I responsabili sarebbero multati fino a 10mila euro per ogni velivolo individuato. E non solo: il decreto prevedeva, nella sua prima formulazione, la revoca del permesso di soggiorno o l’espulsione agli stranieri condannati, anche con sentenza non definitiva, per il reato di intermediazione illecita e sfruttamento del lavoro.
A palazzo Chigi, e tra i partiti di maggioranza, c’è chi ha ravvisato gli estremi per dei possibili rilievi del Quirinale di fronte a misure estremamente punitive e a rischio di incostituzionalità.
Meglio prendere almeno altri giorni di tempo per capire come limare il testo. A metterci la faccia sulla frenata è stato il sottosegretario presidenza, Alfredo Mantovano: «È una materia molto complessa che richiede qualche affinamento che avverrà auspicabilmente al prossimo Consiglio dei ministri». Qualcosa è andato storto, anche se Mantovano ha escluso «divergenze politiche».
I numeri di Giorgetti
Tra decreti approvati o rinviati, è arrivata alla buon’ora la versione definitiva del Piano strutturale di bilancio, presentata da Giancarlo Giorgetti. Un documento dai contenuti ottimistici.

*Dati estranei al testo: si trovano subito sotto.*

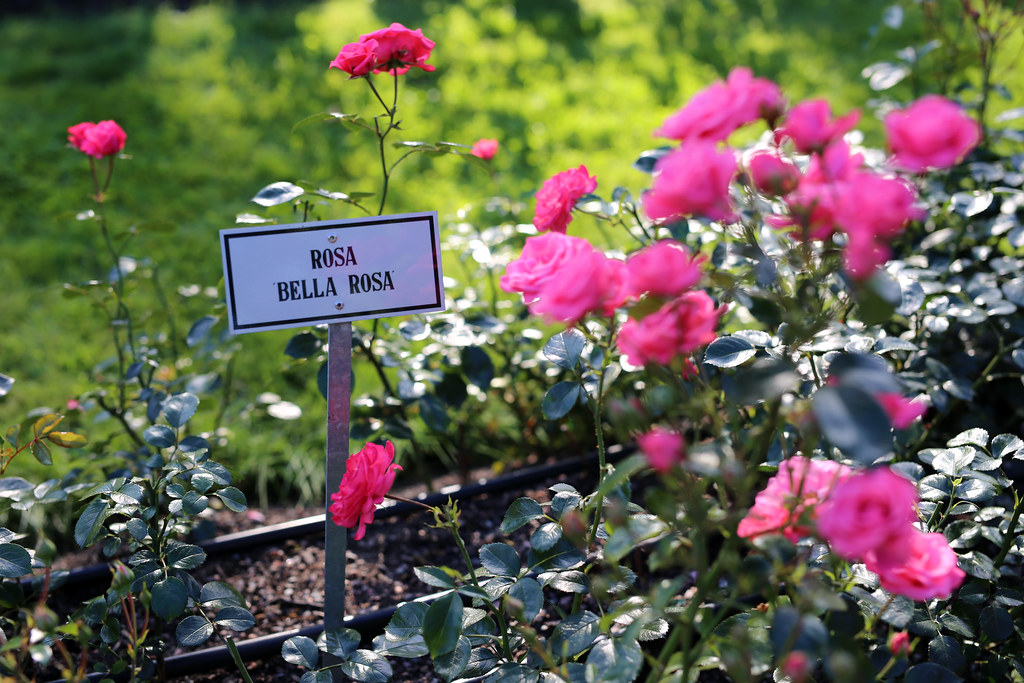 Helsinki rose garden Flickr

Nella bozza anticipata dall’agenzia Public policy, il Mef formula le prime previsioni sulla prossima legge di Bilancio: «Complessivamente la manovra accrescerebbe il livello del Pil dello 0,2 per cento nel 2025 fino a raggiungere lo 0,4 per cento nel 2027 fino a raggiungere lo 0,4 per cento nel 2027». La previsione sul rapporto deficit/Pil è quella del 3,3 per cento per il 2025 con la discesa al 2,8 per cento nel 2026. Mentre sull’impatto del Piano nazionale di ripresa e resilienza, Giorgetti mette nero su bianco: «L’insieme delle riforme Pnrr implementate produrrebbe un incremento del livello del Pil del 2,2 per cento al 2031. Il completamento delle riforme programmate produrrebbe, al 2031, un ulteriore aumento di 1,7 punti percentuali».
Stime che non convincono del tutto. «Non contento di aver sbagliato i conti per due anni, con le precedenti manovre, oggi il ministro dell’Economia, si avventura in previsioni sul Pil per il 2025 che nessun altro organo indipendente prevede o registra», sottolinea il capogruppo del Pd al Senato, Francesco Boccia.

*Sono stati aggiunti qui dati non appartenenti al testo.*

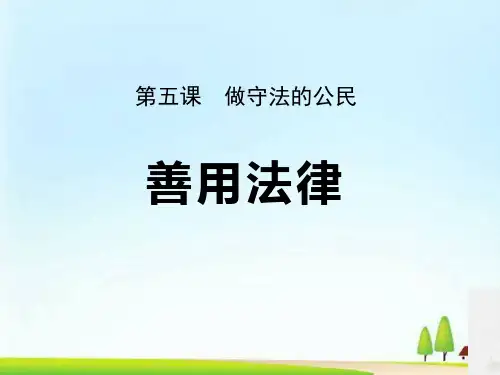 《善用法律》PPT课件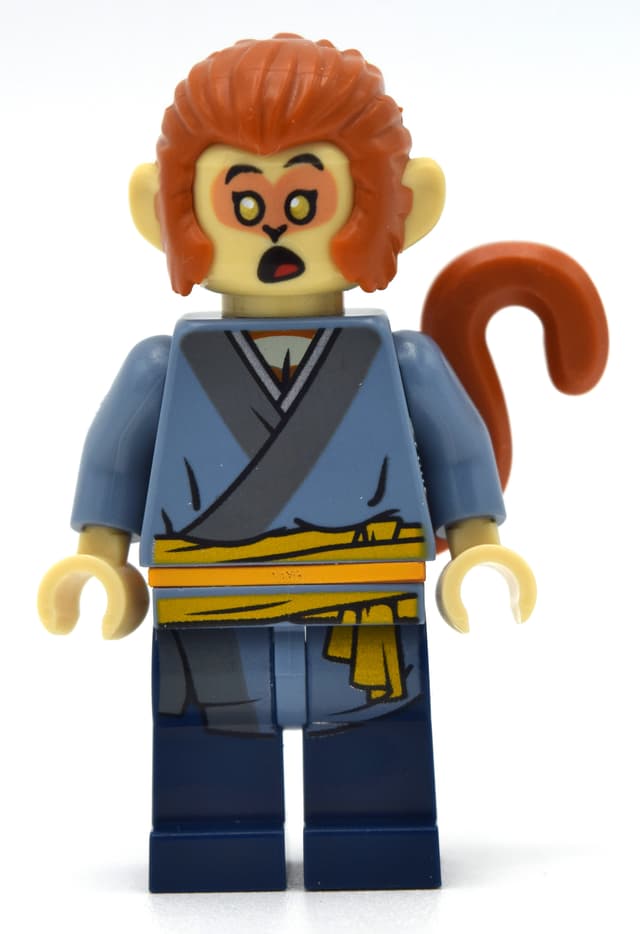 Apprentice Monkey King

Il Piano è poi ricco di impegni futuri, tra cui «un disegno di legge per la realizzazione delle infrastrutture di preminente interesse nazionale e di altri interventi strategici in materia di lavori pubblici e della logistica». Smentita, poi, la narrazione sull’abbassamento dell’età pensionistica. Al vaglio c’è la riforma per «i dipendenti pubblici e del personale militare, rispettivamente fissata a 65 e 60 anni» per definire «soluzioni che consentano un allungamento della vita lavorativa». Altro che Quota 41.

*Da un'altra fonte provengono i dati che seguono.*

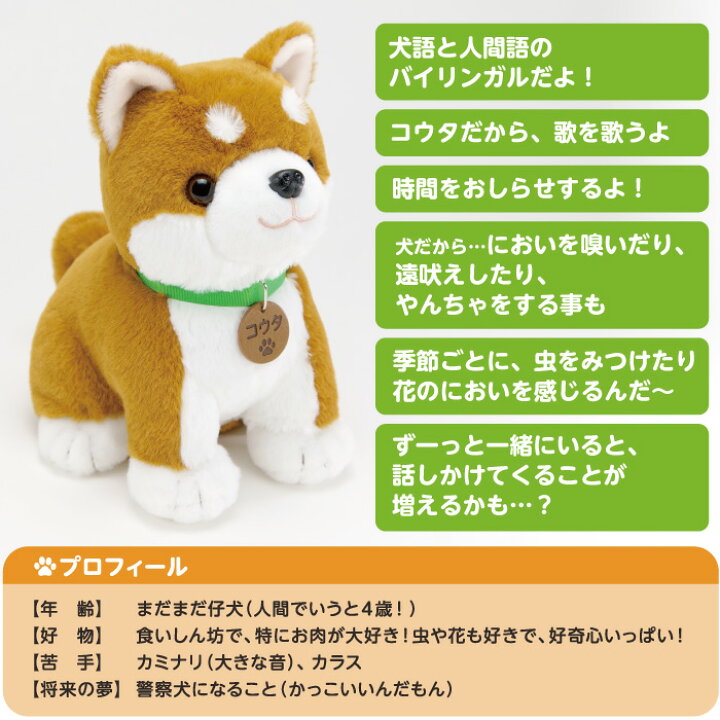 楽天市場】【365日出荷】楽天3冠 ラッピング無料 しばいぬコウタ 柴犬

Il testo è stato trasmesso alle camere che, nei prossimi giorni, avvieranno l’esame per garantire che entro il 15 ottobre il governo possa girarlo a Bruxelles.
Medici sotto attacco
Così tra un decreto rinviato e il mantra di autoconvincimento sullo slancio dell’economia italiana, l’esecutivo ha licenziato il provvedimento contro le aggressioni al personale sanitario.
Un problema atavico che i meloniani hanno avvolto con l’aura dell’emergenza, inasprendo – come in tanti altri casi – le pene che arrivano fino a cinque anni per danni alle «pertinenze sanitarie», ha spiegato il ministro della Giustizia, Carlo Nordio. E allo stesso tempo è stato inserito il differimento dell’arresto entro 48 ore dall’aggressione. Un pannicello caldo appoggiato per dare una risposta, almeno di facciata, a medici e infermieri bersaglio di violenze.
Ancora una volta il governo sceglie la strategia dello spot: norme senza stanziamenti.
Il remake, in materia sanitaria, di quanto accaduto con il decreto liste d’attesa: una sequenza di buone intenzioni, vanificate dall’assenza di risorse.